** WHAT IS NEEDED **
Write out the listing verbatim. No pictures belong in it.

** DATA SECTION **
------
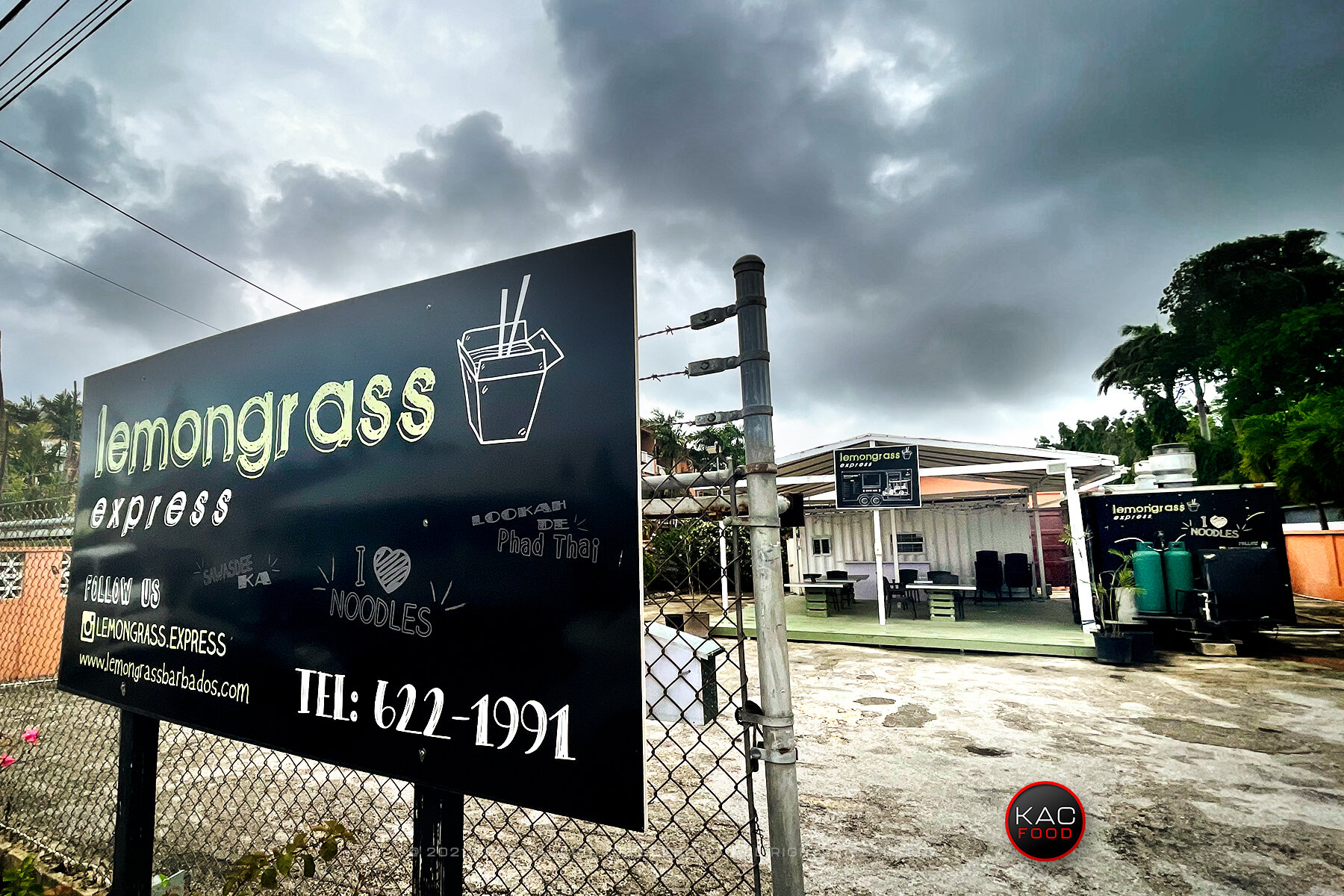 kac_food-210729-worthing-lemongrass-express-roadside-sign-1-1800-hor.jpg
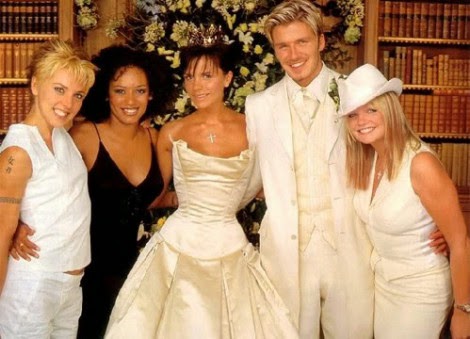Brides On Weddings David Beckham And Victoria S Wedding Vera Create For Victoria Beckham A Beautiful Wedding Dress And She Has Grate Bridal Le Bouquet Gold Tiara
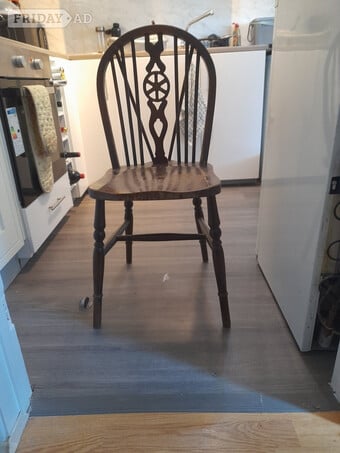 Antique Windsor Chair.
------
** SOLUTION FOR THIS TASK **
 kac_food-210729-worthing-lemongrass-express-roadside-sign-1-1800-hor.jpg
Brides On Weddings David Beckham And Victoria S Wedding Vera Create For Victoria Beckham A Beautiful Wedding Dress And She Has Grate Bridal Le Bouquet Gold Tiara
 Antique Windsor Chair.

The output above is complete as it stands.